→ **Available data**
* * * * *

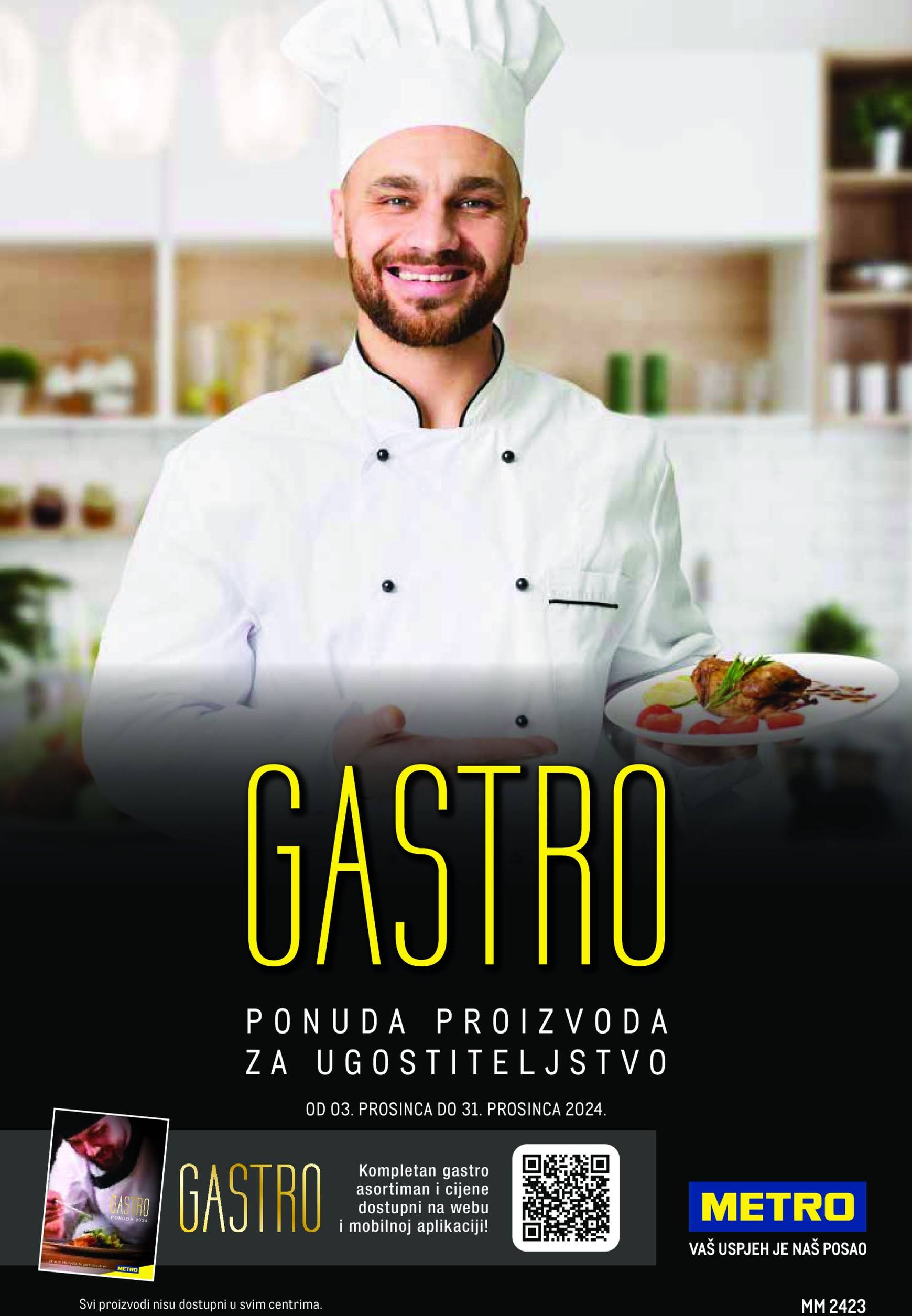 metro - Metro - Gastro katalog vrijedi od 03.12. do 31.12.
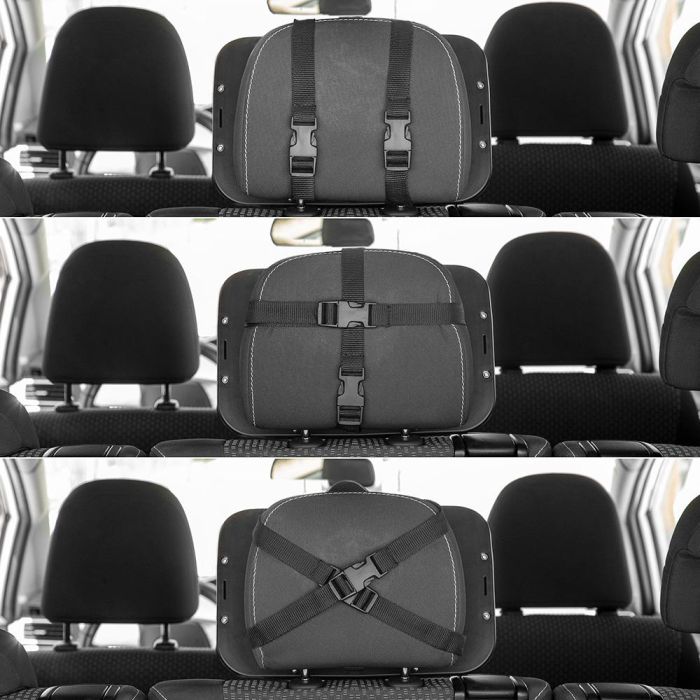 Espejo Retrovisor de Bebé para Asiento Trasero Mirraby InnovaGoods 9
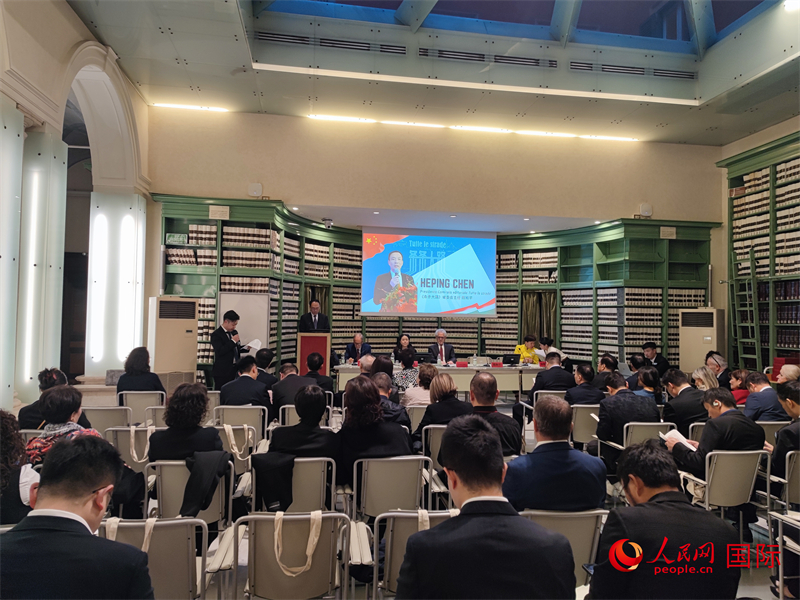 活动现场。  人民网记者 谢亚宏摄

* * * * *

→ **What you should do**
Copy each line above precisely, dropping the pictures.

→ **Answer space**
 metro - Metro - Gastro katalog vrijedi od 03.12. do 31.12.
 Espejo Retrovisor de Bebé para Asiento Trasero Mirraby InnovaGoods 9
 活动现场。  人民网记者 谢亚宏摄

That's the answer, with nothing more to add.